Work task: Going down the data below, set down exactly the line with "Goat Tape Pink" and each line after it through the line with "Kawaii Green Tree"; no other lines.

Entries provided:
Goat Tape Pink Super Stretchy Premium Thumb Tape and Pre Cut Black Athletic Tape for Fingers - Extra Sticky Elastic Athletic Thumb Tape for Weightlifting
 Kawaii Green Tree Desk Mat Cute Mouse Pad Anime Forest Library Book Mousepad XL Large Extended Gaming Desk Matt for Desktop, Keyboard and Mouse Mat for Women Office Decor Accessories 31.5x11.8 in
---
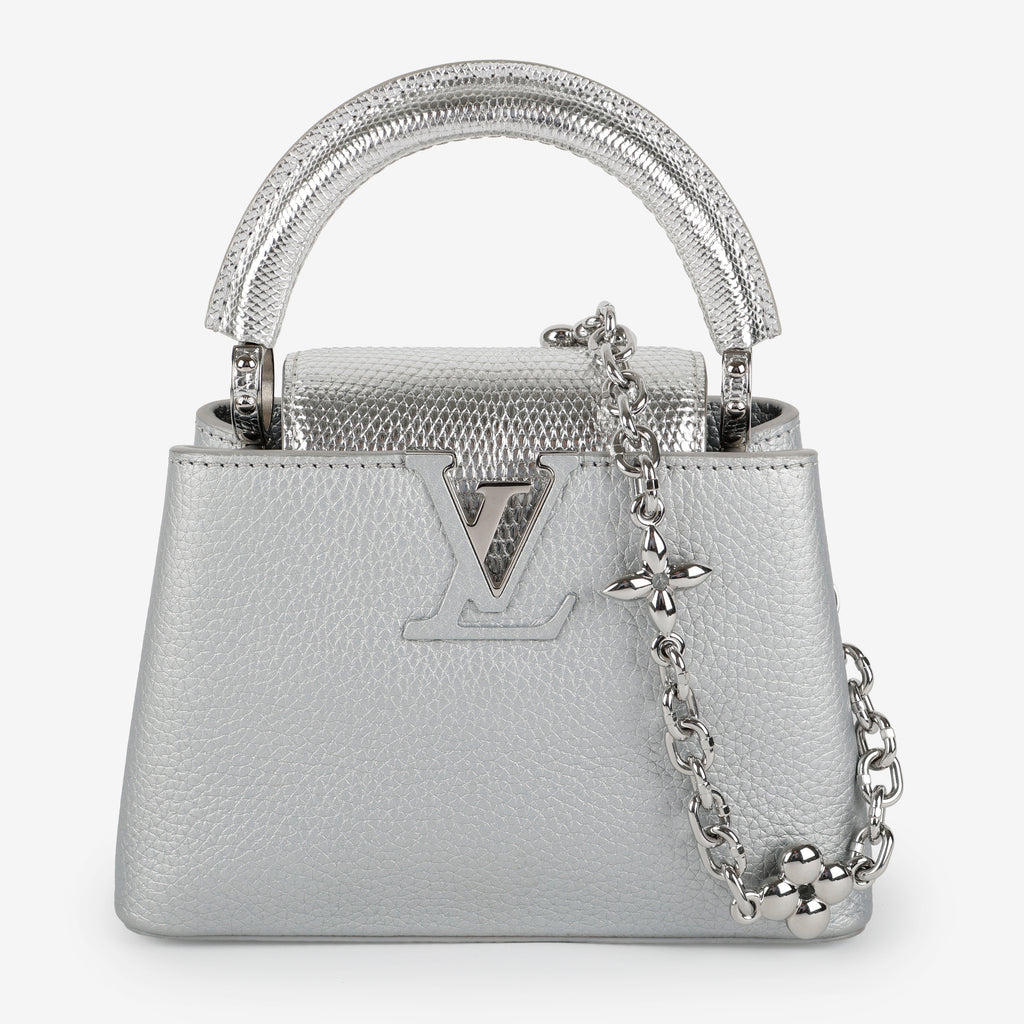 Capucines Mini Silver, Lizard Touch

Reply:
Goat Tape Pink Super Stretchy Premium Thumb Tape and Pre Cut Black Athletic Tape for Fingers - Extra Sticky Elastic Athletic Thumb Tape for Weightlifting
 Kawaii Green Tree Desk Mat Cute Mouse Pad Anime Forest Library Book Mousepad XL Large Extended Gaming Desk Matt for Desktop, Keyboard and Mouse Mat for Women Office Decor Accessories 31.5x11.8 in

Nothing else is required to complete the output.